Una serie de asesinatos de marcado carácter ritual son el detonante que llevará al doctor Ralph Hayes y su equipo a las orillas del pantano donde se han producido para establecer una investigación psíquica bajo el falso pretexto de ser ‹scouts› en busca de localizaciones para el rodaje de una película. William O. Brown establece en el que sería su segundo y último largometraje el contexto idóneo para servir una pieza de género con ecos de ‹slasher›, si bien no tanto por las características del film en sí, por esa premisa inicial que confinará a un grupo de personajes en una caseta incomunicada cerca del pantano, y por una estructura que, por momentos, bien nos podría retrotraer a uno de los escenarios predilectos del género.
Así, y a través de ese contexto y un componente sobrenatural que se personará desde su primer acto, certificando la índole de esos crímenes, el cineasta compone un film que quizá no explota ese halo inquietante que podría emanar de la condición de un marco idóneo para ello, pero sabe explorar sin embargo una parte discursiva desarrollada a través de sus personajes centrales; y es que si bien los protagonistas de esta The Witchmaker (también conocida como La hechicera de la muerte) no revelan una profundidad que dote del barniz necesario a la propuesta como para generar vínculos con el espectador, cabe destacar una matización mediante diálogos y acciones que los aleja de una planicie que no sólo otorga un componente sugestivo al dibujo trazado en torno a los mismos, también enriquece la mirada temática de un título que no se conforma con tantear los lugares comunes del género e indaga también en una naturaleza a inquirir desde el cuestionamiento que se produce entre esos individuos confinados.

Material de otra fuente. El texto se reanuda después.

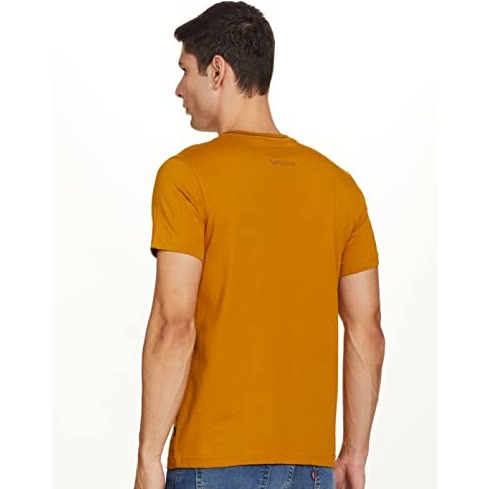 Van Heusen Athleisure Men Regular Fit T-Shirt-Cotton Rich-Smart Tech, Easy Stain Release, Anti Stat, Ultra Soft, Moisture Wicking_60021_Mustard_L, Yellow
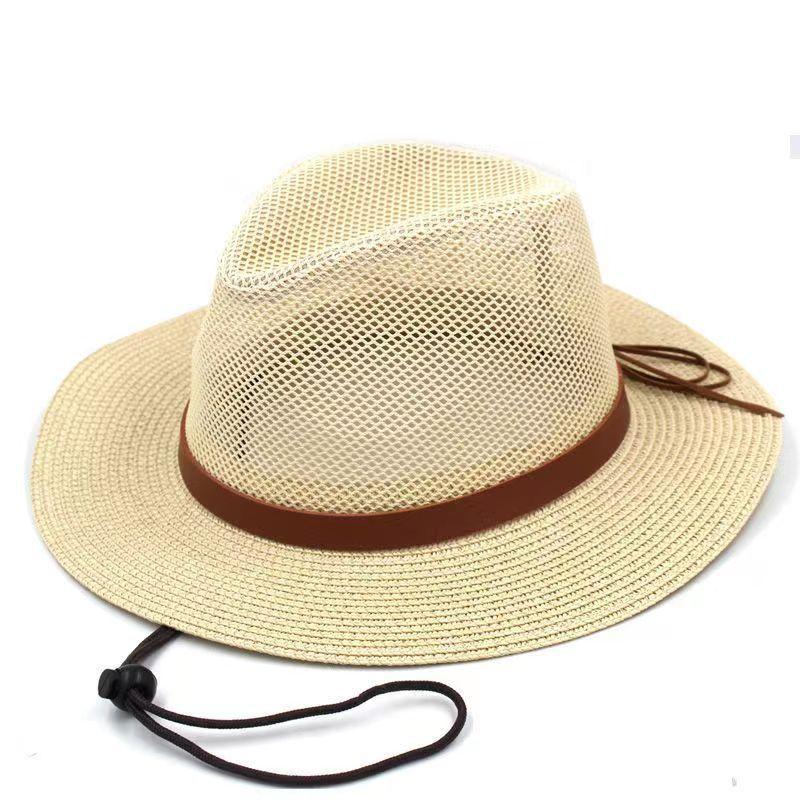 Straw Hat Men's Mesh Breathable Summer Sun Protection and Shading Fishing Beach Outdoor Hat Big Eave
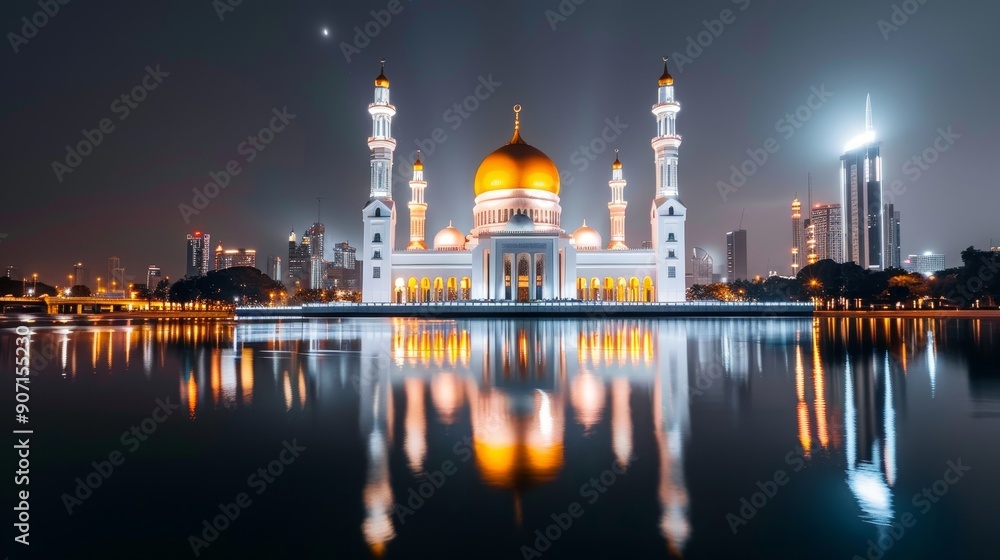 Obraz premium Sacred heritage mosque with neon reflections from the cityscape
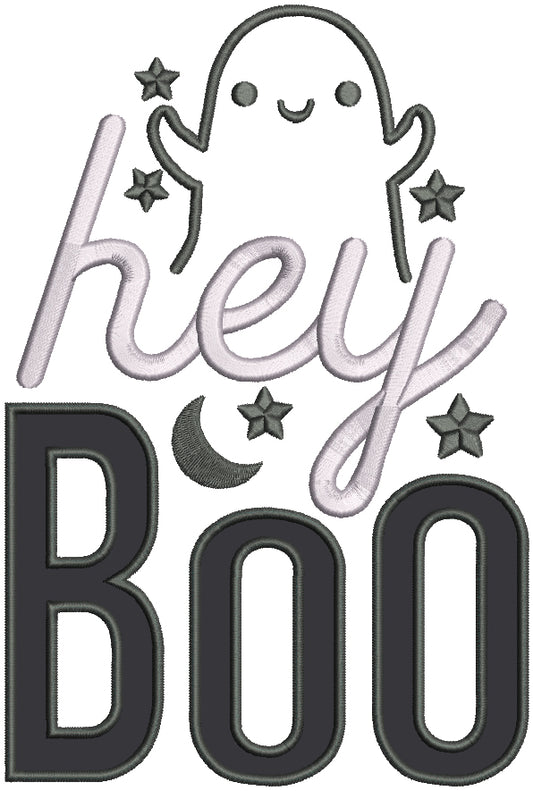 Hey Boo Ghost Applique Machine Embroidery Design Digitized Pattern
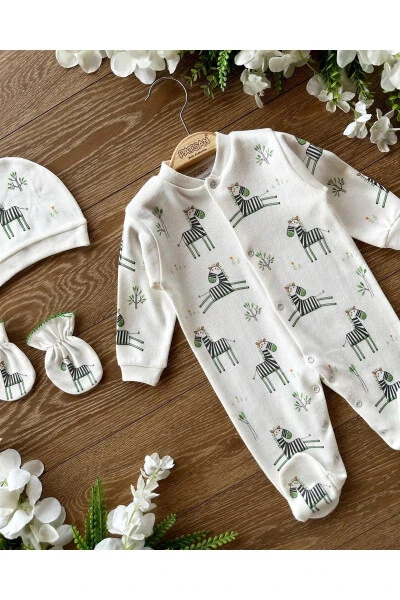 Organic Cotton Newborn Set with Mittens, Hat and Footed Baby Jumpsuit Outfit Zebra - 3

Porque, no nos engañemos, The Witchmaker no evita esas situaciones y pasajes reconocibles para cualquier aficionado, pero aún así logra generar una atmósfera de lo más particular y extraña gracias a la composición de un universo en el que quizá William O. Brown no profundiza, pero emplea para complementar un relato que, sin grandes alardes, es capaz de sentar las bases de un film que manifiesta sus virtudes con una facilidad inusitada; un film imperfecto, en efecto, y con ciertas carencias —como el desarrollo de esa conclusión, interesante desde la praxis, pero un tanto precipitada en su complexión—, cuya entidad no queda, no obstante, viciada por ciertos pecados más atribuibles al, por algún momento, laxo desarrollo de algunas vicisitudes desaprovechadas, que a un pulso ciertamente correcto, así como al carácter de imágenes capaces de desatar la esencia del género.

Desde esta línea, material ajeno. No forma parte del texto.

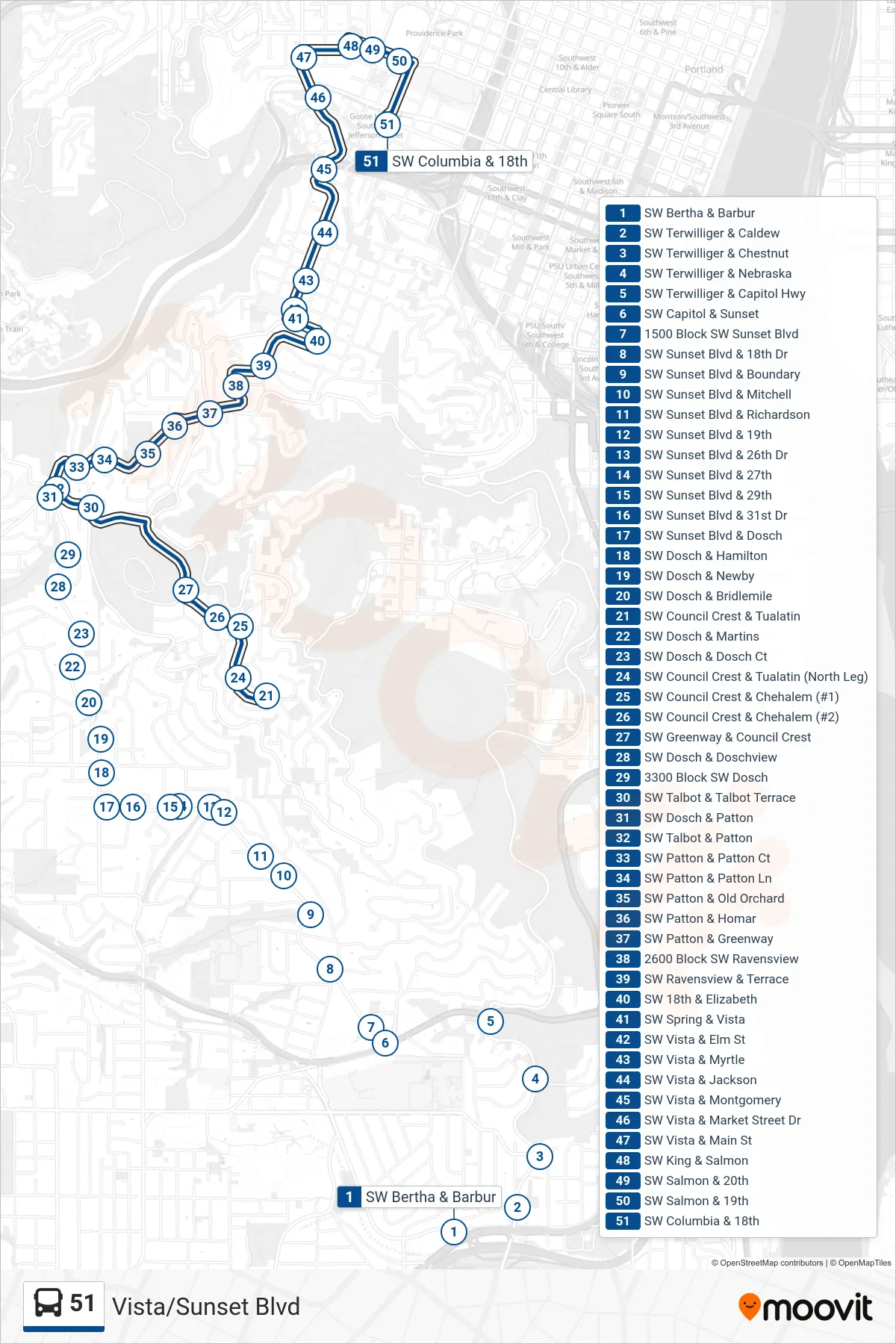 51 bus Line (SW Columbia & 18th) route and stops on a map
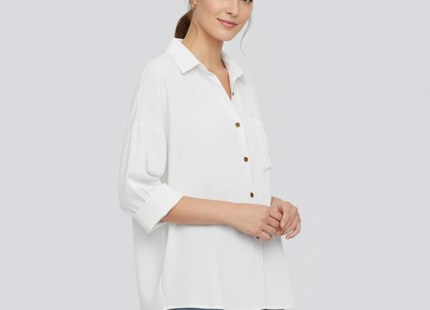 Women's Dropped Shoulder Bat Shirt Casual Long Sleeve Shirt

Todo ello sin necesidad de recurrir a referentes que perfectamente podrían encajar en un título como The Witchmaker —esa crónica y algunas de sus características bien podrían invocar el germen de la Hammer, pero el cineasta huye tanto del habitual componente erótico reproducido por la productora británica como de esos fastuosos escenarios que no pocos autores reproducían casi como propiedad inexpugnable de la mítica compañía británica—, pero que son desechados en pos de un sello propio al que, sí, se le pueden realizar achaques, pero no pierden ni por un momento el aroma de una propuesta de lo más particular; una propuesta que no se encontrará entre los grandes títulos del género, pero como mínimo arroja una óptica divergente desde la que continuar explorando un terreno que habría merecido mejor suerte en general por lo sugerente de todo aquello que puede proponer un panorama donde el satanismo, los ritos y los asesinatos se personen, pero pocas veces han encontrado un recoveco lo suficientemente atrayente que es aquello que, en efecto, sí consigue explotar The Witchmaker.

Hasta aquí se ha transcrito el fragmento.